### Requirement
Exactly the lines below starting at the line with "Seaport Button Up Top - Parchment" and ending at the line with "Cargador de batería inteligente" are wanted, with both ends included. Leave out the pictures and add no other lines.

Pictures with short captions
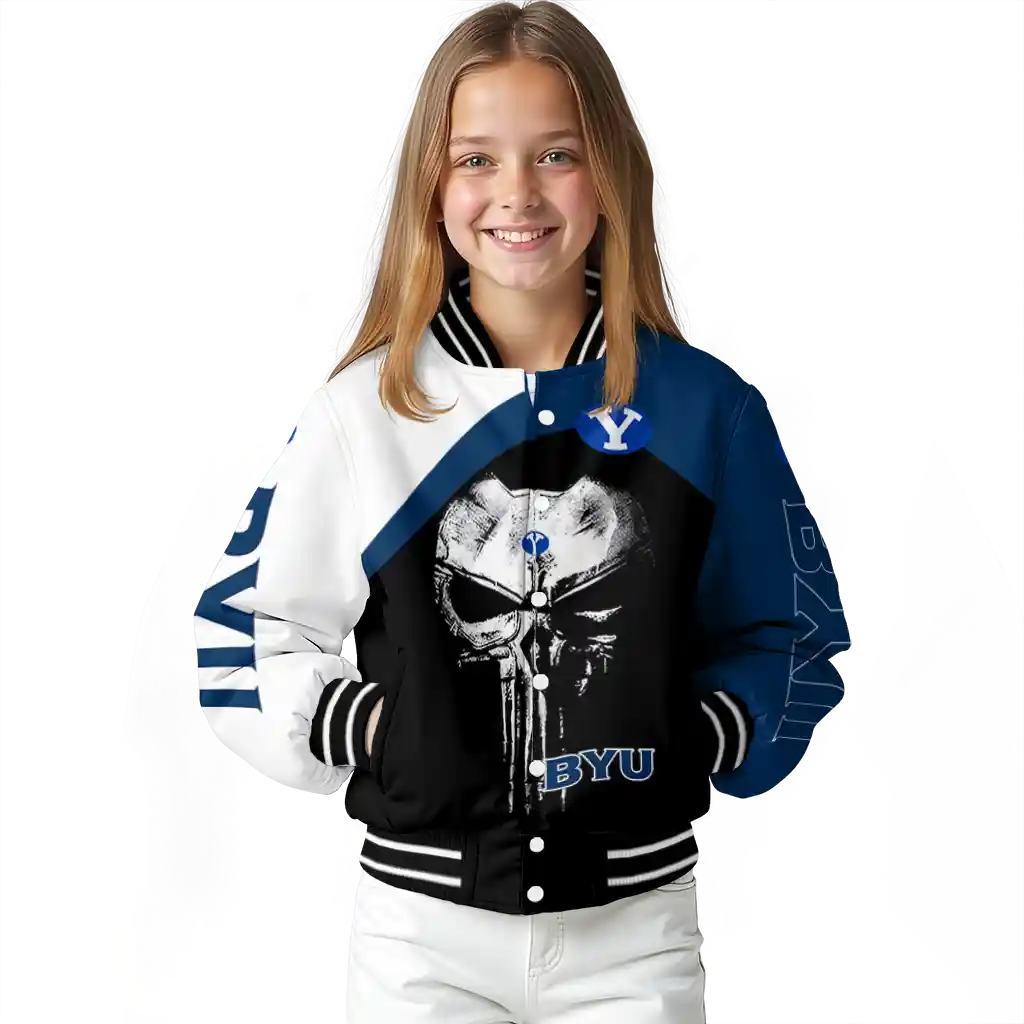 byu cougars edgy mask blue black varsity jacket top rated byu cougars edgy mask blue black varsity jacket top rated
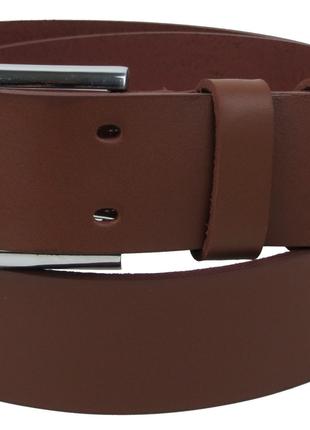 Широкий кожаный ремень для джинсов Skipper, Украина коричневый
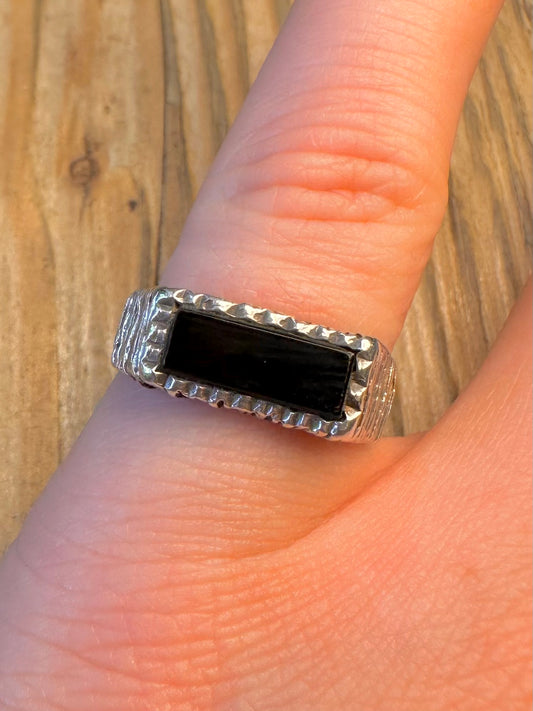 Onyx Bark Effect 925 Sterling Silver Size O1/2 Ring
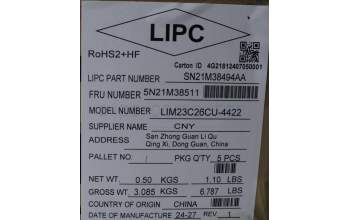 Lenovo 5N21M38511 NB_KYB 4C4TT50N-BK-CHY-FRA/ENG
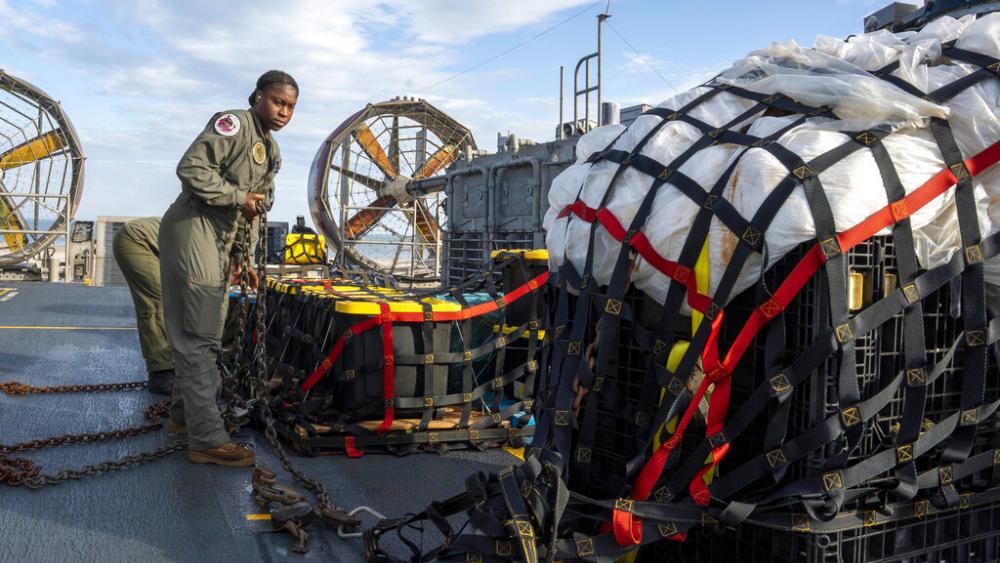 Material was recovered off the coast of Myrtle Beach, S.C., in the Atlantic Ocean from the shooting down of a Chinese high-altitude balloon (Ryan Seelbach/U.S. Navy via AP)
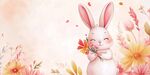 可愛小兔抱花春日插畫
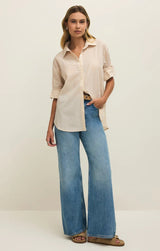 Seaport Button Up Top - Parchment
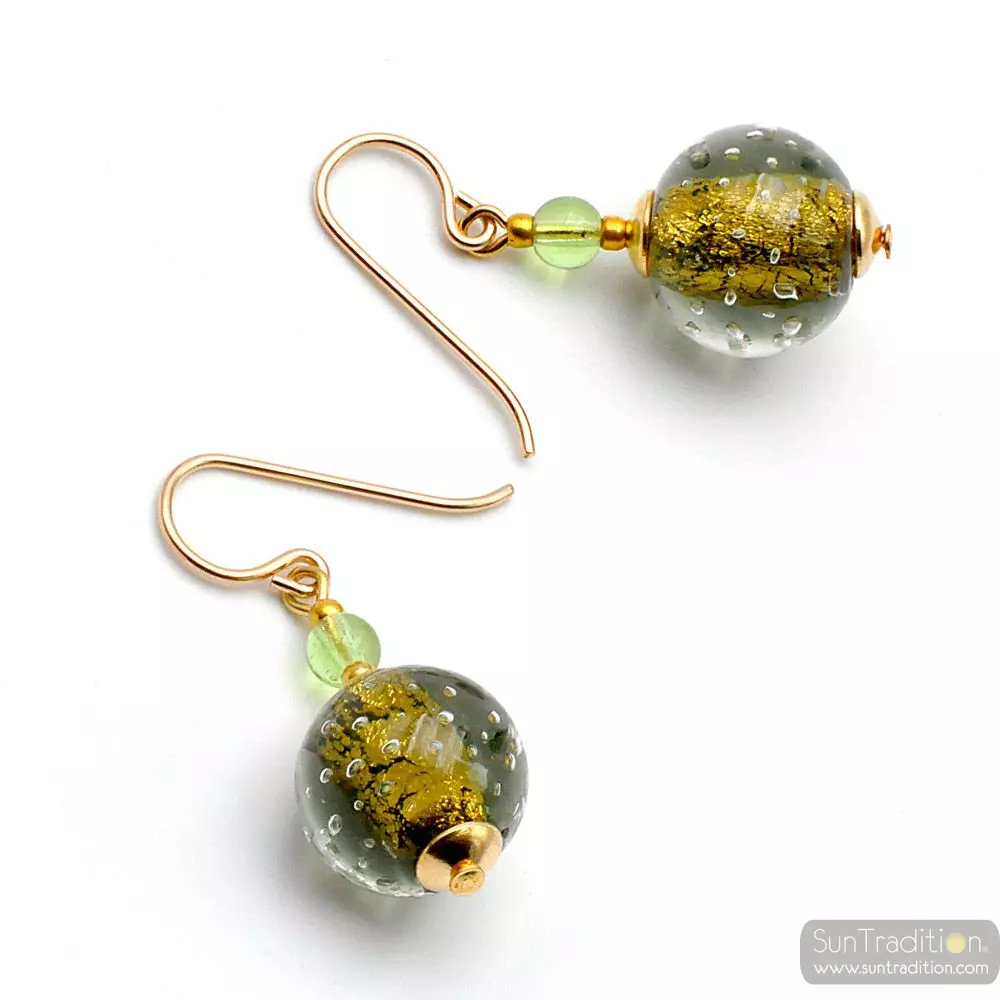 Fizzy green grey - green grey murano glass earrings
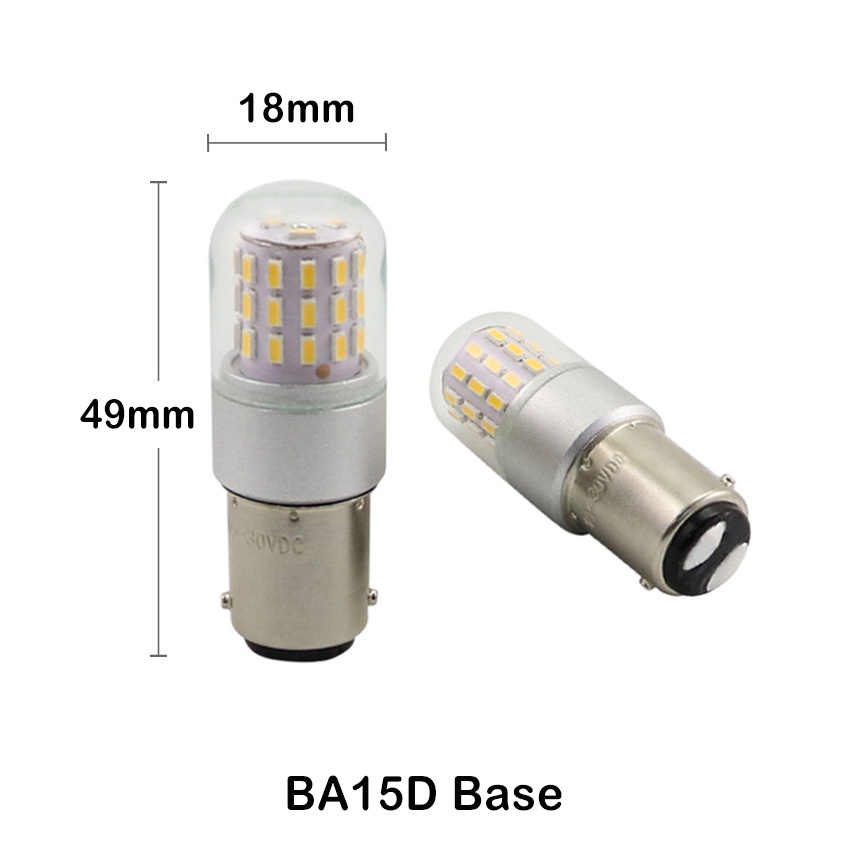 Compact D18x49mm T18 LED miniature bulb top view showing optical top cluster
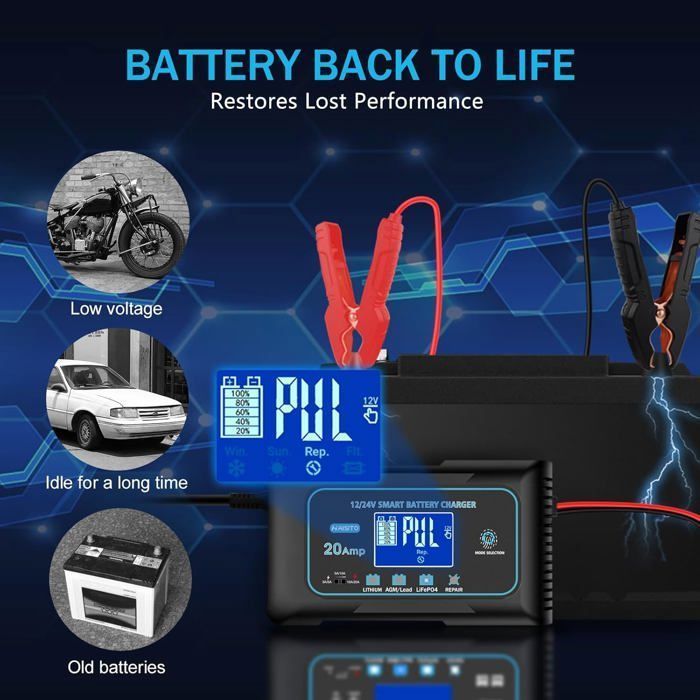 Cargador de batería inteligente de 20 A y 12 V/24 V, cargador de batería para coche, cargador mantenedor de batería automático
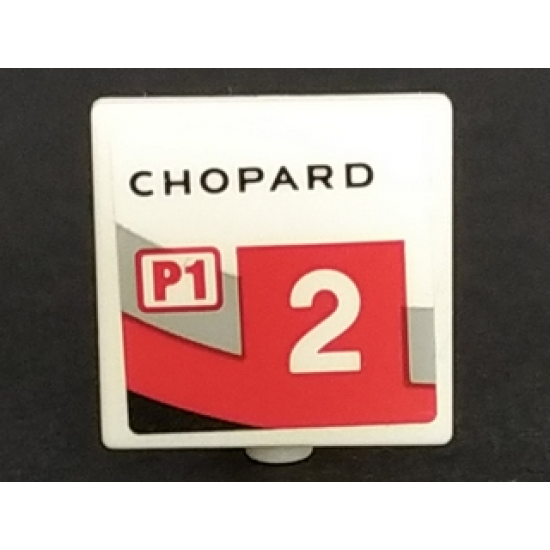 Road Sign 2 x 2 Square with Open O Clip with 'CHOPARD', 'P1' and Number 2 Pattern Model Left Side (Sticker) - Set 75887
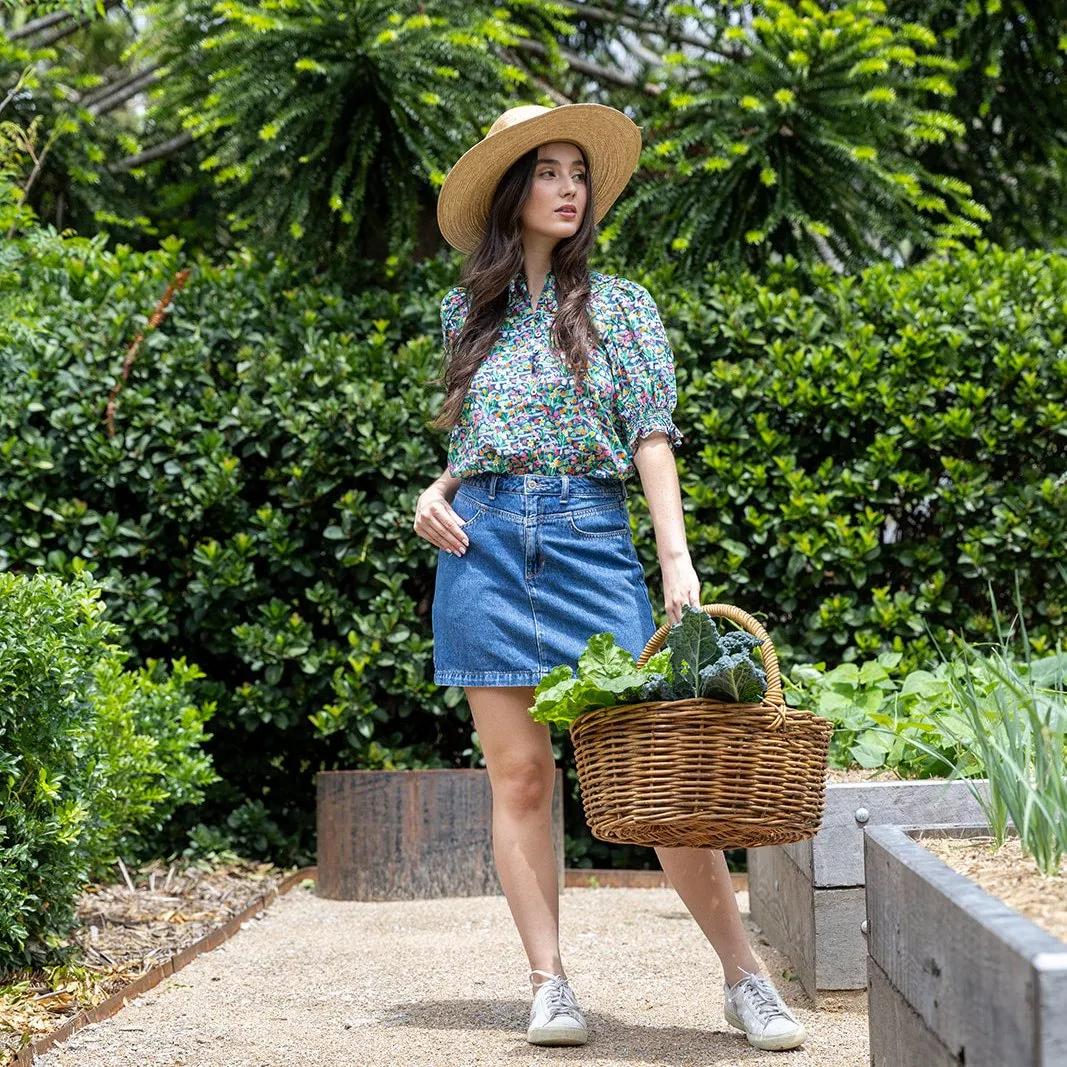 'Park Posy' Liberty Fabrics Peter Pan Collared Blouse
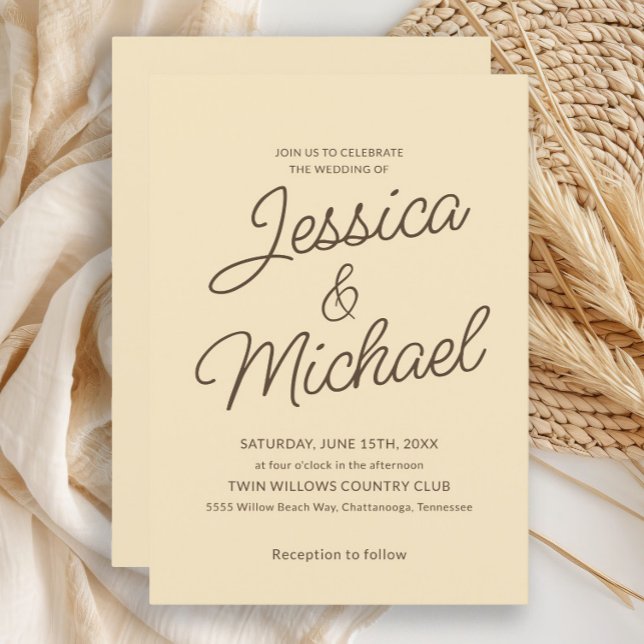 Minimalist Butter Yellow Brown Script Wedding  Invitation (Butter yellow wedding invitation)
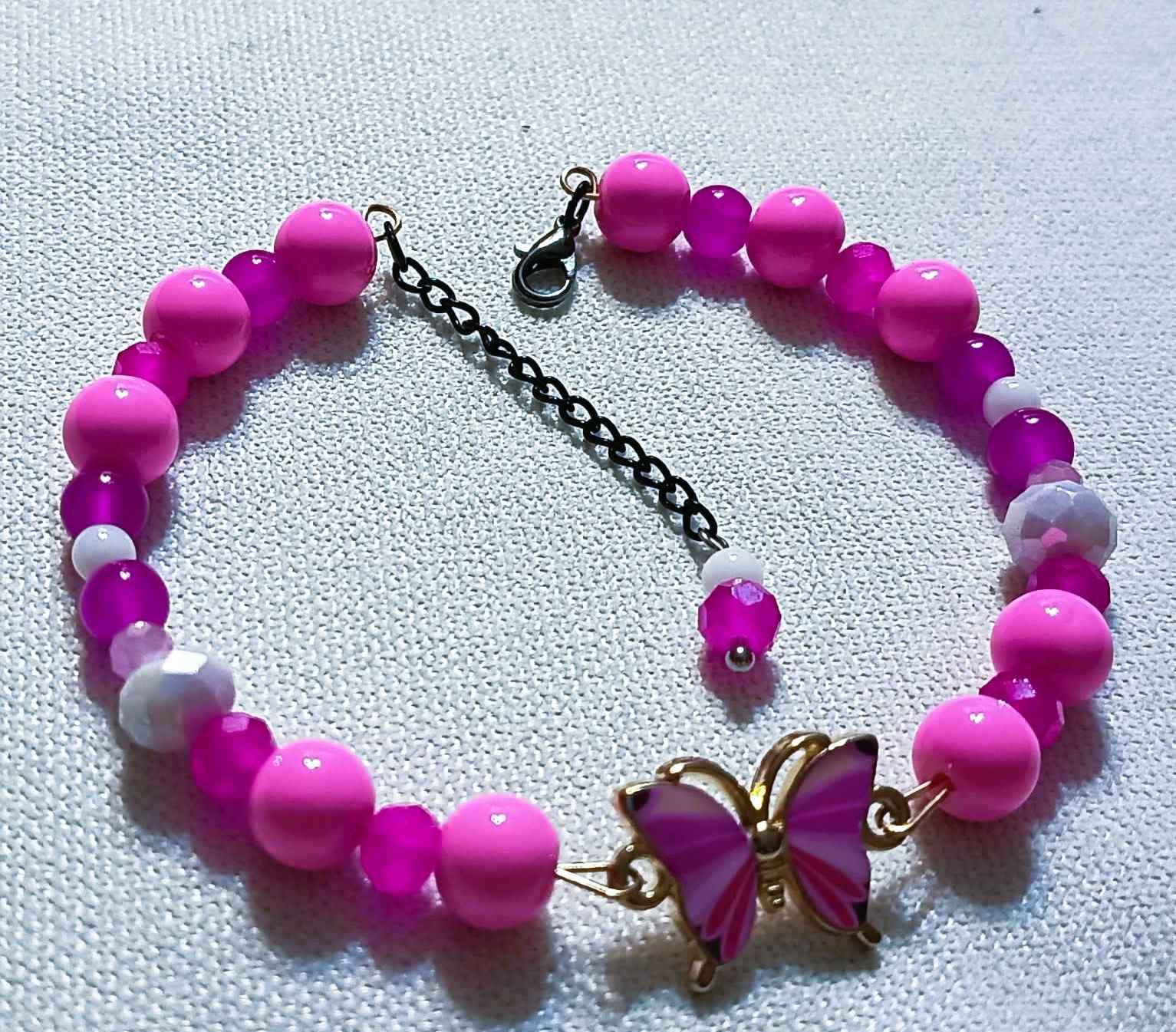  Bransoletka Różowy Motyl   /  Pink Butterfly Bracelet  BRH#037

### Answer section
 Seaport Button Up Top - Parchment
 Fizzy green grey - green grey murano glass earrings
 Compact D18x49mm T18 LED miniature bulb top view showing optical top cluster
 Cargador de batería inteligente de 20 A y 12 V/24 V, cargador de batería para coche, cargador mantenedor de batería automático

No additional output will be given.